The Borrower, the Lenders and Agent are parties to a Working Capital Facility Agreement dated as of August 9, 2023 (as amended, restated or modified from time to time, the “Facility Agreement”). The Borrower has requested that Agent and Lenders agree to certain amendments to the Facility Agreement. Agent and Lenders have agreed to such request, subject to the terms and conditions hereof.
Accordingly, the parties hereto agree as follows:
SECTION 1 Definitions; Interpretation.
SECTION 2 Amendments to the Facility Agreement.
“Term Loan Maturity Date” means the earlier of (x) September 1, 2027 and (y) solely to the extent that any Senior Unsecured Convertible Note remains outstanding on such date, (A) May 12, 2026 or (B) in the event that the maturity date of any Senior Unsecured Convertible Note is extended, prior to May 12, 2026, to August 11, 2026 or later, the date that is ninety-one (91) days prior to the maturity date of such further extended Senior Unsecured Convertible Note; provided, that, in each case of the foregoing clauses (x) and (y), if such day is not a Business Day, the Term Loan Maturity Date shall be the immediately preceding Business Day.
SECTION 3 Conditions of Effectiveness. The effectiveness of Section 2 of this Amendment shall be subject to the satisfaction of each of the following conditions precedent:
(i) Except as expressly modified herein by the Exhibits and Schedules attached hereto, the representations and warranties contained in Section 5 of the Facility Agreement shall be true and correct on and as of the Amendment Effective Date as though made on and as of such date, except to the extent such representations and warranties expressly relate to an earlier date, after giving effect in all cases to any standard(s) of materiality contained in the Agreement as to such representations and warranties; and
(ii) There exist no Events of Default or events that with the passage of time would result in an Event of Default.
SECTION 4 Representations and Warranties. To induce Agent and Lender to enter into this Amendment, Borrower hereby confirms, as of the date hereof, (a) that the representations and warranties made by it in Section 5 of the Facility Agreement and in the other Loan Documents are true and correct in all material respects; provided, however, that such materiality qualifier shall not be applicable to any representations and warranties that already are qualified or modified by materiality in the text thereof; (b) that there has not been and there does not exist a Material Adverse Effect; and (c)[intentionally omitted]. For the purposes of this Section 4, (i) each reference in Section 5 of the Facility Agreement to “this Agreement,” and the words “hereof,” “herein,” “hereunder,” or words of like import in such Section, shall mean and be a reference to the Facility Agreement as amended by this Amendment, and (ii) any representations and warranties which relate solely to an earlier date shall not be deemed confirmed and restated as of the date hereof (provided that such representations and warranties shall be true, correct and complete in all material respects as of such earlier date; provided, however, that such materiality qualifier shall not be applicable to any representations and warranties that already are qualified or modified by materiality in the text thereof).
SECTION 5 Miscellaneous.
Borrower acknowledges having read and understood and hereby waives the benefits of Section 1542 of the California Civil Code, which provides as follows (and hereby waives the benefits of any similar law of the state that may be applicable):
“A general release does not extend to claims that the creditor or releasing party does not know or suspect to exist in his or her favor at the time of executing the release and that, if known by him or her, would have materially affected his or her settlement with the debtor or released party.”
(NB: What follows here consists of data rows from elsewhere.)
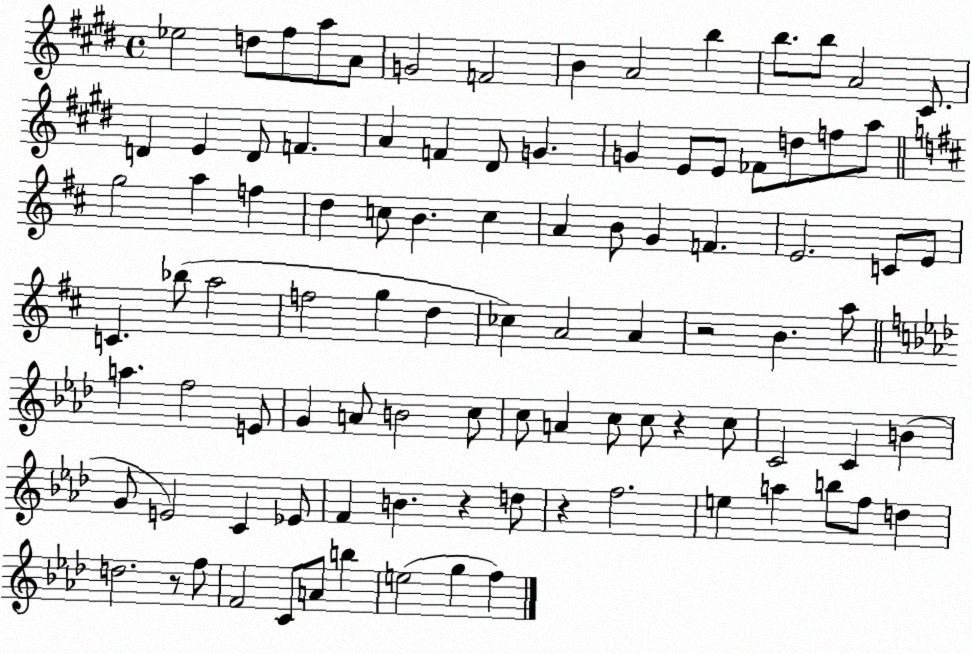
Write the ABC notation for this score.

X:1
T:Untitled
M:4/4
L:1/4
K:E
_e2 d/2 ^f/2 a/2 A/2 G2 F2 B A2 b b/2 b/2 A2 ^C/2 D E D/2 F A F ^D/2 G G E/2 E/2 _F/2 d/2 f/2 a/2 g2 a f d c/2 B c A B/2 G F E2 C/2 E/2 C _b/2 a2 f2 g d _c A2 A z2 B a/2 a f2 E/2 G A/2 B2 c/2 c/2 A c/2 c/2 z c/2 C2 C B G/2 E2 C _E/2 F B z d/2 z f2 e a b/2 f/2 d d2 z/2 f/2 F2 C/2 A/2 b e2 g f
Borrower acknowledges that the foregoing provisions of this Section 5(c) are intended to be a general release with respect to the matters described therein. Borrower does hereby expressly acknowledge and agree that the waivers and releases contained in this Amendment shall not be construed as an admission of and/or the existence of any claims of Borrower against Agent or Lender. Borrower does hereby acknowledge and agree that the value to Borrower of this Amendment and of the covenants and agreements on the part of Lender contained in this Amendment substantially and materially exceeds any and all value of any kind or nature whatsoever of any claims or liabilities waived or released by Borrower hereunder.
[Balance of Page Intentionally Left Blank; Signature Pages Follow]
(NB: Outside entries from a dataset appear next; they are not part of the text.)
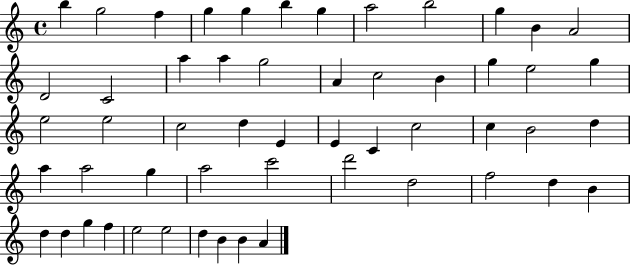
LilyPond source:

{
  \clef treble
  \time 4/4
  \defaultTimeSignature
  \key c \major
  b''4 g''2 f''4 | g''4 g''4 b''4 g''4 | a''2 b''2 | g''4 b'4 a'2 | \break d'2 c'2 | a''4 a''4 g''2 | a'4 c''2 b'4 | g''4 e''2 g''4 | \break e''2 e''2 | c''2 d''4 e'4 | e'4 c'4 c''2 | c''4 b'2 d''4 | \break a''4 a''2 g''4 | a''2 c'''2 | d'''2 d''2 | f''2 d''4 b'4 | \break d''4 d''4 g''4 f''4 | e''2 e''2 | d''4 b'4 b'4 a'4 | \bar "|."
}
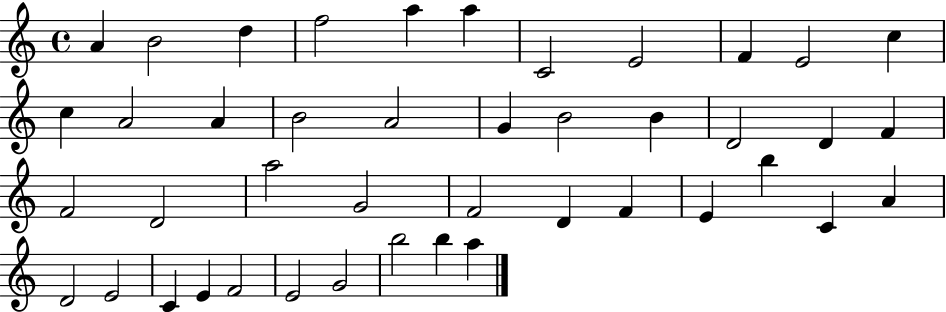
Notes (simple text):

A4/q B4/h D5/q F5/h A5/q A5/q C4/h E4/h F4/q E4/h C5/q C5/q A4/h A4/q B4/h A4/h G4/q B4/h B4/q D4/h D4/q F4/q F4/h D4/h A5/h G4/h F4/h D4/q F4/q E4/q B5/q C4/q A4/q D4/h E4/h C4/q E4/q F4/h E4/h G4/h B5/h B5/q A5/q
IN WITNESS WHEREOF, the parties hereto have duly executed this Amendment, as of the date first above written.
BORROWER:
HERON THERAPEUTICS, INC.
Signature: /s/ Craig Collard
Print Name: Craig Collard
Title: Chief Executive Officer (CEO)
AGENT:
HERCULES CAPITAL, INC.
Signature: /s/ Seth H. Meyer
Print Name: Seth Meyer
Title: Chief Financial Officer
LENDER:
HERCULES CAPITAL, INC.
Signature: /s/ Seth H. Meyer
Print Name: Seth Meyer
Title: Chief Financial Officer
HERCULES CAPITAL IV L.P.
By: Hercules Technology SBIC Management, LLC, its General Partner
By: Hercules Capital, Inc., its Manager
Signature: /s/ Seth H. Meyer
Print Name: Seth Meyer
Title: Chief Financial Officer
HERCULES PRIVATE GLOBAL VENTURE GROWTH FUND I L.P.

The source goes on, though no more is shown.